Work to be completed -> Everything in the listing must be repeated exactly, apart from the images.

Data for analysis ->
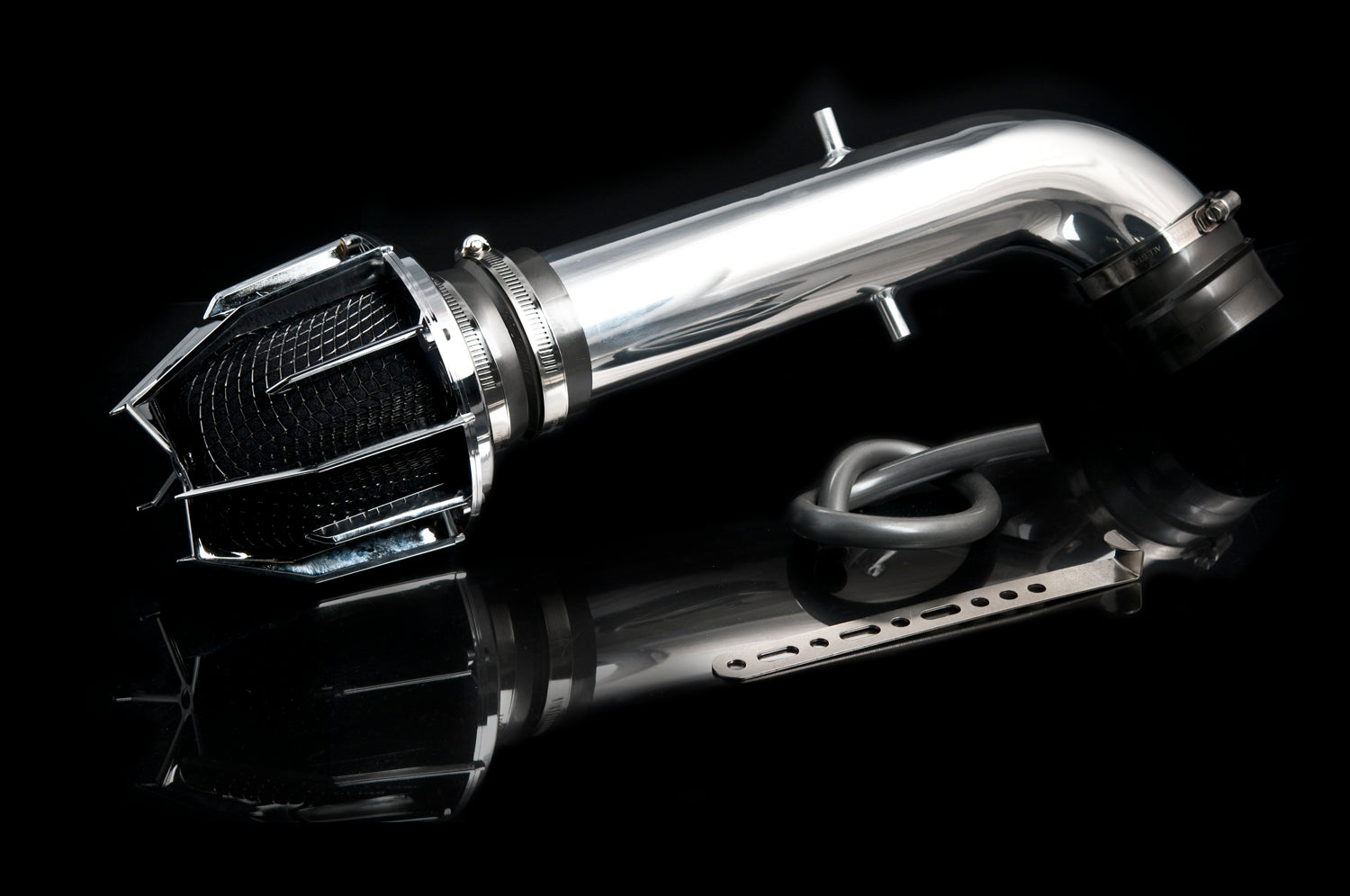 1999-2003 ACURA TL 3.2L DRAGON INTAKE-C-Dub Tech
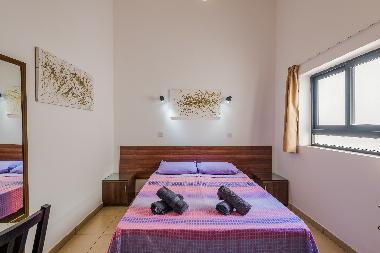 Apartamento de vacaciones en Malta (Malta)Casa de vacaciones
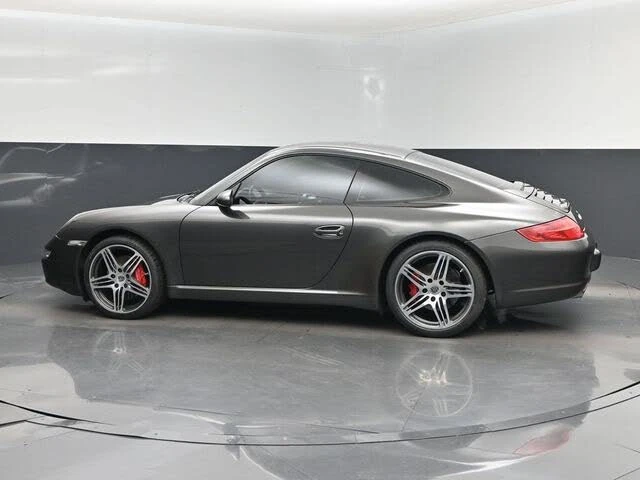 2008 Porsche 997 Carrera S - Image 10 of 31
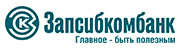 Лого Запсибкомбанк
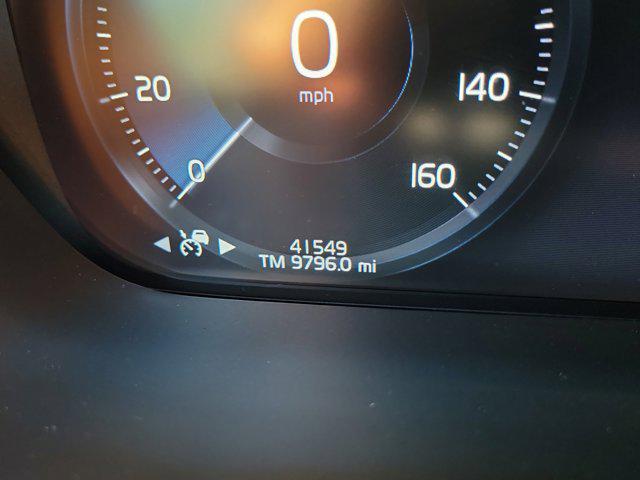 2021 Volvo XC60 T5 Inscription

Answer to the problem ->
 1999-2003 ACURA TL 3.2L DRAGON INTAKE-C-Dub Tech
 Apartamento de vacaciones en Malta (Malta)Casa de vacaciones
 2008 Porsche 997 Carrera S - Image 10 of 31
 Лого Запсибкомбанк
 2021 Volvo XC60 T5 Inscription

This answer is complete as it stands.